Всю эту ересь я говорю, разумеется, не всерьез. Потому что если бы это было всерьез, я бы вообще о Прилепине не говорил. Но это тот образ, который сегодня возникает в связи с ним. Именно в связи с ним, потому что образ этот носится в воздухе. Этот псевдоидеал возник в результате чудовищной раскачки умов и нравов в 90-е и резкой попытки их стабилизации в начале двухтысячных. В этом перепаде общественных температур просто обязан был возникнуть образ Захара Прилепина, который обозначил бы собой связь времен и показал кузькину мать и тому, и другому времени. "Что, пацаны, хреново? Ничего, будем жить..."
Но, повторяю, все это не имело бы к литературе никакого отношения, если бы... Если бы Прилепин действительно не был так талантлив. Причем органически талантлив и вместе с тем прекрасно литературно образован. Красивых и брутальных сейчас навалом. И среди нацболов, и среди "нашистов". С внешностью у них все в порядке. С творчеством как-то плоховато.
Захар Прилепин громко прозвучал романами "Патологии" о Чечне и "Санькя" о молодых революционерах. Затем вышла книга рассказов "Грех", и вот новая книга "пацанских рассказов" - "Ботинки, полные горячей водкой". Конечно, лучше было бы наоборот: сначала рассказы, потом - романы. Прилепин засуетился, "зачастил", потому что издатели и премии ждать не любят: им подавай по книге в год, а лучше - сразу по две. Но все равно последняя книга Прилепина - это литературное событие. Именно литературное.

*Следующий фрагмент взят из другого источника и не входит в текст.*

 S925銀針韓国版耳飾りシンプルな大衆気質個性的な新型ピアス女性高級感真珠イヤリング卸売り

Прилепин - новый "кларист". "Акмеистами", а затем "кларистами" называли себя поэты начала ХХ века, группировавшиеся вокруг Гумилева, а потом Кузмина. Claris - лат. "ясный". В "кларизме" изживал себя символизм, слишком возвышенный, слишком заумный. В Прилепине изживает себя постмодерн - всеядный, но пустой и бездушный. Прилепин - это веселый ответ на нудотину концептуализма, на все эти бесчисленные рубинштейновские "карточки" и бесконечные сорокинские "кишки". Однако и традиционалистов Прилепин не порадует. Нет в нем ни милой нашим сердцам духовности, ни рыданьица по поводу затопленных деревень.

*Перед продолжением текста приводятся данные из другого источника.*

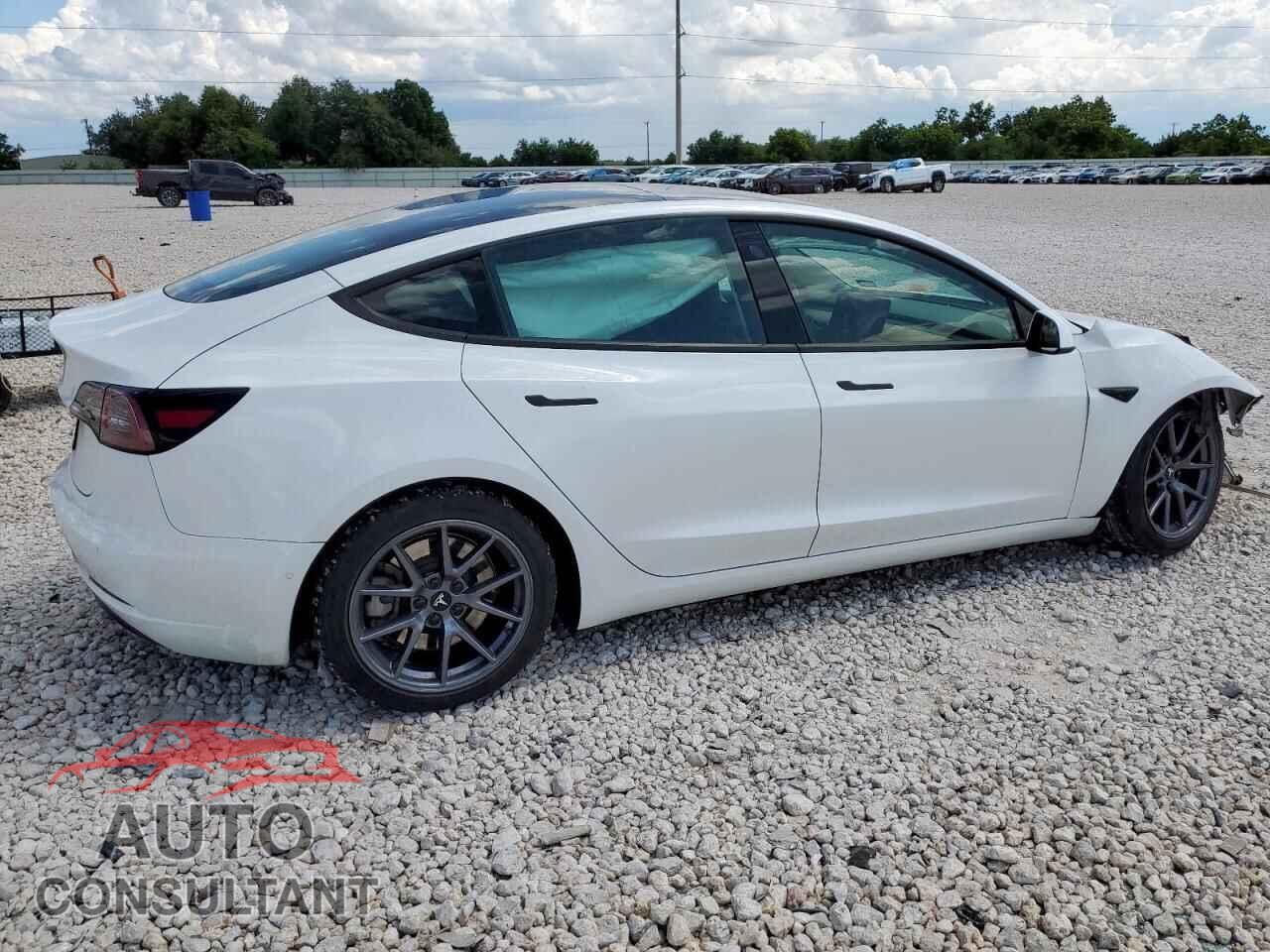 TESLA MODEL 3 2021 - 5YJ3E1EA0MF016356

"Я жестокий. Черствый и ледяной. Я умею соврать, сделать больно, не чувствовать раскаянья. Я получаю по заслугам, получаю по каменному лицу; но там, где должен быть камень, уже глина, и она ломается, осыпается, оставляет голый ледяной остов. И только одна жилка живет на нем и бьется последней теплой кровью".
Эта последняя жилка - любовь к жене и дочке, к друзьям, которых мало, к детству, к своей деревенской бабке, к солнцу, к дождю... Это последнее настоящее, что можно любить не думая и не стесняясь.
Писать об этом красиво и нежно.
"- Дочка моя, не плачь никогда".
Это герой говорит дочке, не себе.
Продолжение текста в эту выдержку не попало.